Whether you’ve got your own private office, an open-plan space or even utilise a shared office, one thing for sure is Networking is now part of your arsenal of business tools. Unfortunately, Networking can make people feel anxious and nervous – but it’s important to remember that networking is a skill, and like any other skill it can be developed with training and coaching. People’s perception on networking is that it’s about sales and making deals, but it’s not just that, networking is also about building connections, learning, seeing opportunities, mentoring and helping others. Here are eight ways to network successfully and have fun doing it.
Image: 3D Social Networking by Chris Potter ccPixs.com CC BY 2.0
Have a plan. Since every person has value, it’s essential that you know what yours is. Before you attend any networking event, get clear on what talents, strengths, skill sets and connections you can bring to the table. Map out what you want to talk about, particularly how you may be able to help other people, either now or in the future.
Start networking before you need it. People can sense when someone is only out to help himself. Tip-offs ranging from a panicked look in the eyes to a portfolio brimming with resumes will send them running in the other direction. On the other hand, by networking when you have no ulterior motive, you can begin to build relationships and a reputation for being generous rather than self-serving.
Forget your personal agenda. While you may be tempted to network just to land a job or talk to people you normally wouldn’t have access to, that’s a mistake. Instead, make it your goal to be open, friendly and honest, and to forge connections between people who may be able to help each other. Generosity is an attractive quality and it’s something special that people will remember about you.

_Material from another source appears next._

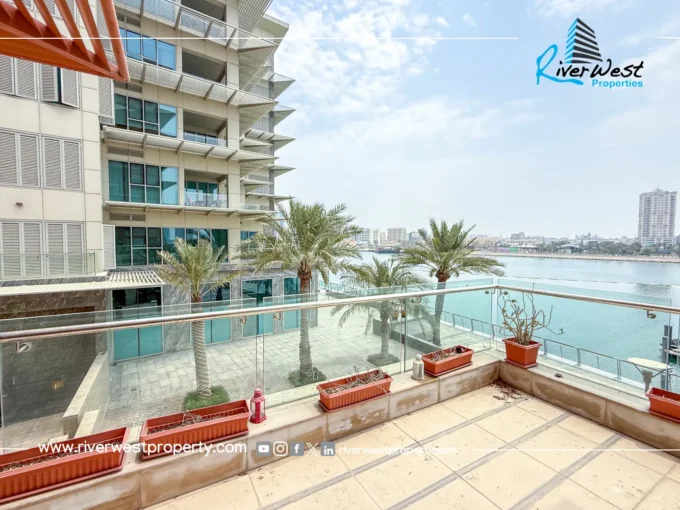 Apartment with Large Terrace and Balcony Bahrain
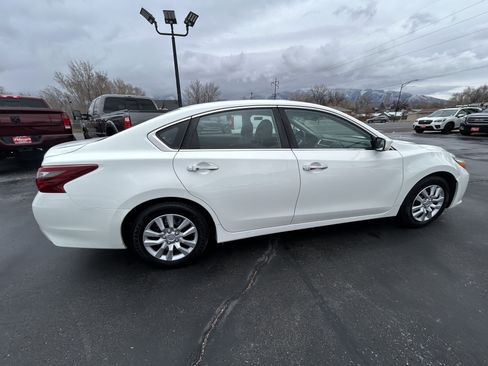Used 2018 Nissan Altima 2.5 S image 4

Never dismiss anyone as unimportant. Make it your mission to discover the value in each person you talk to. Ask questions and listen with interest. Don’t make the mistake of discounting people due to their titles. Someone you meet may “just” be a clerk, but they may have valuable connections or knowledge you’d never learn about if you’d dismissed them.
Figure out how you can be useful. Before any conversation comes to a close, be sure to ask, “How can I help you?” Because it’s done so rarely, you may encounter a surprised look, but it will most likely be accompanied by an appreciative smile. Always close by saying something like, “If you need anything, please reach out to me or connect via LinkedIn” and present your business card.
Connect the dots. Once you begin to listen to people, you’ll start realising how one person in the room may be able to help another. When you go out of your way to make those potentially promising connections, you’re doing your part to make the networking event a success.
Follow up and follow through. Everyone is busy these days with jobs, families, events, commitments – even so, it takes no more than a minute to shoot off an email to introduce two people you want to connect. They can take it from there and do the work – just enjoy being the bridge. Little things like that mean a lot to people and just one introduction can end up changing someone’s life for the better. Believe in the power of networking.
When you believe that the true value of networking lies in helping others and you do your part, you’ll soon discover magic happening all around you. The beauty of this approach is that you never know when that magic may cast its spell on you. And remember… Enjoy yourself!